Skip site navigation (1)Skip section navigation (2)
Date:      Sat, 13 Aug 2016 13:32:05 -0453.75
From:      "William A. Mahaffey III" <wam@hiwaay.net>
Cc:        freebsd-questions@freebsd.org
Subject:   Re: Monitoring server for crashes
Message-ID:  <398070bd-057f-55bb-2b17-4858f9450c5c@hiwaay.net>
In-Reply-To: <20160813234226.N79687@sola.nimnet.asn.au>
References:  <mailman.115.1471089602.58418.freebsd-questions@freebsd.org> <20160813234226.N79687@sola.nimnet.asn.au>

next in thread | previous in thread | raw e-mail | index | archive | help
On 08/13/16 09:33, Ian Smith wrote:
> In freebsd-questions Digest, Vol 636, Issue 7, Message: 10
> On Fri, 12 Aug 2016 11:51:50 -0400 Robert Fitzpatrick <robert@webtent.org> wrote:
>   > Valeri Galtsev wrote:
>   > > Before doing such monitoring I would really do a good hardware test.

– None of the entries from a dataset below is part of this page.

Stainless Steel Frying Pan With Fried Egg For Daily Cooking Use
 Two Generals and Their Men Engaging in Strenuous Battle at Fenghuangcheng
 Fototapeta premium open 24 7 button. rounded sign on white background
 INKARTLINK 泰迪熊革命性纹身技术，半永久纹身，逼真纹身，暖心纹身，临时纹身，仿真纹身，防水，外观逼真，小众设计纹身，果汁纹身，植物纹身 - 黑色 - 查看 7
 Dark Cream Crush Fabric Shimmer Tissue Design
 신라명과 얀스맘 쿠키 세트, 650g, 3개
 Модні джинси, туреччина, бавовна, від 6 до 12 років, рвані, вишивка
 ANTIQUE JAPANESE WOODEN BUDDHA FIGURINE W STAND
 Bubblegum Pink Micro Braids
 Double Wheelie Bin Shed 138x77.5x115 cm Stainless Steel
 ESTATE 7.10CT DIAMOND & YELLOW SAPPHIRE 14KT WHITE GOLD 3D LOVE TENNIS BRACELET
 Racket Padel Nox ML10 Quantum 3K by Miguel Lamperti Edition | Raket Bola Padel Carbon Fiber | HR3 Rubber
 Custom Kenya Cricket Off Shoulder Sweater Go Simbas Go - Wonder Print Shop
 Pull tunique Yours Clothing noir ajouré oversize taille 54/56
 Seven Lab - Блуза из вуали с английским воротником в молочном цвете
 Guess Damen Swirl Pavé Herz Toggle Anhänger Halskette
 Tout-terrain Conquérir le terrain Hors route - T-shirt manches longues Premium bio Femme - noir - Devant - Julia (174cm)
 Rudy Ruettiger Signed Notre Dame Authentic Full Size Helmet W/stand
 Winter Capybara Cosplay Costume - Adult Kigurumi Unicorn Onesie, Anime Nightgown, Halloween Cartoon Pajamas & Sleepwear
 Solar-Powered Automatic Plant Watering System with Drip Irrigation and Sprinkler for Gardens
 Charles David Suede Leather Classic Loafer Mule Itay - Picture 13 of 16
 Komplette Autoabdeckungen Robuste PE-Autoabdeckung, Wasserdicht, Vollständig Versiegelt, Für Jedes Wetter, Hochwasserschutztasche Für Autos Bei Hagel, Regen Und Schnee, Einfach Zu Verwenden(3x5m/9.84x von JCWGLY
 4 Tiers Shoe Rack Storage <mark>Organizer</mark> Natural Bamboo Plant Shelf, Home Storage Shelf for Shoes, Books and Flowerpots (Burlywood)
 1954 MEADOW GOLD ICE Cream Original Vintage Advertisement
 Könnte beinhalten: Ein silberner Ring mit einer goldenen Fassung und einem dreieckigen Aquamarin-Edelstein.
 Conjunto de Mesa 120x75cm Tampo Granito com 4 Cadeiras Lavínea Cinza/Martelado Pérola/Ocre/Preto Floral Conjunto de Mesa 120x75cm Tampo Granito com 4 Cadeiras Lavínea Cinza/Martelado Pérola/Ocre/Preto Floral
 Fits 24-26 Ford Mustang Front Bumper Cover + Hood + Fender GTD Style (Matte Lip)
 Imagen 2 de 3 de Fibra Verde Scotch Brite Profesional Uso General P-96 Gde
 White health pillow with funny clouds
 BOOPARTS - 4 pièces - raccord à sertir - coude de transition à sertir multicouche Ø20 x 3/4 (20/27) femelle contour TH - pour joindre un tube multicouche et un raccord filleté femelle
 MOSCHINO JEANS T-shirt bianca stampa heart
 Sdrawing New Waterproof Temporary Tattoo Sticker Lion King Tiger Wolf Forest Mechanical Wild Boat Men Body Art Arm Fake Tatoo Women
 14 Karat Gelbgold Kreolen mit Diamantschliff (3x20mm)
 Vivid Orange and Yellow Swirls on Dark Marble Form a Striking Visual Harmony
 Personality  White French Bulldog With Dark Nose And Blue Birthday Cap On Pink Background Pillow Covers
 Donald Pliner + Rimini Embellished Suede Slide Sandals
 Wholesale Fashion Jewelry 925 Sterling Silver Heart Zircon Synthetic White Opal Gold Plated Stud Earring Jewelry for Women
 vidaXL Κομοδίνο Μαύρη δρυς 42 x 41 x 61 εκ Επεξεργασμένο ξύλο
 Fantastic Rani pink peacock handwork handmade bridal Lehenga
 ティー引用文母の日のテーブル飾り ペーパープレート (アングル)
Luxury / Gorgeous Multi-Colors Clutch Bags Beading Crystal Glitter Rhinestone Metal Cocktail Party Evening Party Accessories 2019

>   > > Incidentally, who is hardware manufacturer (just for my curiosity). The
>   > > usual suspects are: memory (poor/flaky memory, or combination of memory
>   > > with slightly different specs; these even though they may work together
>   > > can lead to failure sometimes very rarely, like once every 6 Months which
>   > > is really hard to troubleshoot: just avoid this). Another possibility:
>   > > tripping temperature threshold set in BIOS. (These, BTW will leave no
>   > > tracks in crash, logs etc.) Check this and bring threshold some 15-20 F (7
>   > > - 10 C ) up.  Incidentally: which CPU(s) do you have? (I'm used to think,
>   > > AMD will withstand any abuse without failing: you almost can boil water on
>   > > these, Intels are not as robust). What I would do is : open the box, leave
>   > > minimal hardware (run with minimal amount of RAM, remove all extra cards
>   > > etc) and see if you have problem with this minimal hardware configuration.
>   > > If not, start adding hardware, install all RAM first, test if it doesn't
>   > > crash. Run memtest96 at this point for at least 48 hours (or at the very
>   > > minimum 2-3 full loops of test). In this configuration try to run system
>   > > and create significant CPU load (several multi-thread "build world" can
>   > > help do that), and simultaneously try to use all the RAM. Things are
>   > > slightly different under heavy load. And so on - add the rest of hardware
>   > > and test... One more thing: check if your PS provides at least 30% more
>   > > power than all hardware may need. Marginally insufficient power may lead
>   > > to unpredictable thing on PCI bus. Incidentally, how old is power supply
>   > > (and the rest of hardware). Electrolytic capacitors may loose capacitance
>   > > with age, thus not filtering well enough ripple on PS leads (capacitors
>   > > inside PS), on CPU power leads and on PCI bus power lines (capacitors on
>   > > system board - check if they do not showing traces of leakage).
>
> All good advice Valeri; not sure about messing with temps in BIOS though
> .. FreeBSD should be handling that ok via ACPI thermal Zones (versus
> _HOT and _CRT temperatures) which should cleanly shutdown at _CRT temp.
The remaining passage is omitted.